**What this task involves**
Starting from the line with "Next up is my" and going up to and including the line with "The sunroom has", copy the listing below exactly. Leave all images out.
------ Data
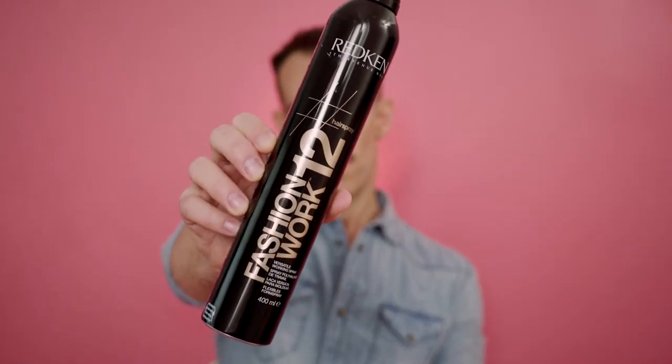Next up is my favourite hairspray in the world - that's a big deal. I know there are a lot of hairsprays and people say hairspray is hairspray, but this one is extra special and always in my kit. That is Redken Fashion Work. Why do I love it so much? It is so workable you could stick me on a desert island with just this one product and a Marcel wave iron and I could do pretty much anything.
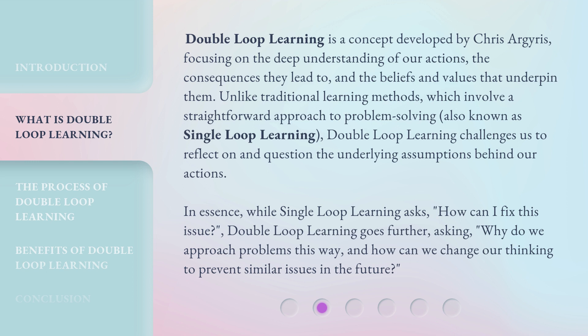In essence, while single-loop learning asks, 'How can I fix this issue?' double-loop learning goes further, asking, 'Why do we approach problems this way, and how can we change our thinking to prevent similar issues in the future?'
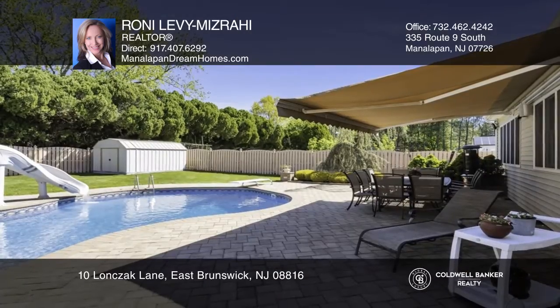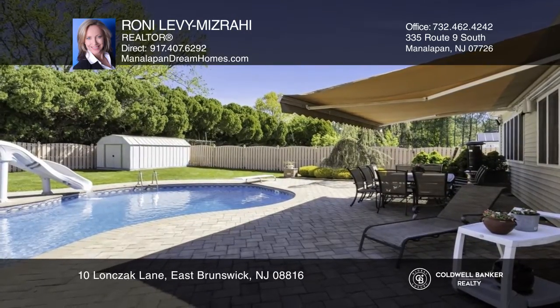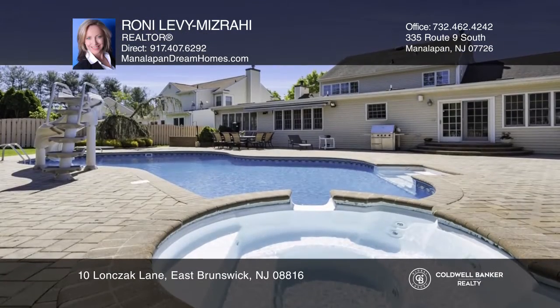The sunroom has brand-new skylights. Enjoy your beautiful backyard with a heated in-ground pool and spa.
------------
------ Data
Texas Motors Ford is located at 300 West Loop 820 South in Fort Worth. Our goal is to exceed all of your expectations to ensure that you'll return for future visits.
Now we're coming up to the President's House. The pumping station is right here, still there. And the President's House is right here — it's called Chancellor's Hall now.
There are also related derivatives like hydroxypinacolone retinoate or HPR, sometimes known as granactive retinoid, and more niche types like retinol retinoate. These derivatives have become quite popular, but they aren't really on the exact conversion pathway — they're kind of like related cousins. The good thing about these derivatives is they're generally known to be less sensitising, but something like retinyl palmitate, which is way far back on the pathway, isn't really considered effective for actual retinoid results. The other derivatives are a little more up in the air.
------------
**Output of the task**
Next up is my favourite hairspray in the world - that's a big deal. I know there are a lot of hairsprays and people say hairspray is hairspray, but this one is extra special and always in my kit. That is Redken Fashion Work. Why do I love it so much? It is so workable you could stick me on a desert island with just this one product and a Marcel wave iron and I could do pretty much anything.
In essence, while single-loop learning asks, 'How can I fix this issue?' double-loop learning goes further, asking, 'Why do we approach problems this way, and how can we change our thinking to prevent similar issues in the future?'
The sunroom has brand-new skylights. Enjoy your beautiful backyard with a heated in-ground pool and spa.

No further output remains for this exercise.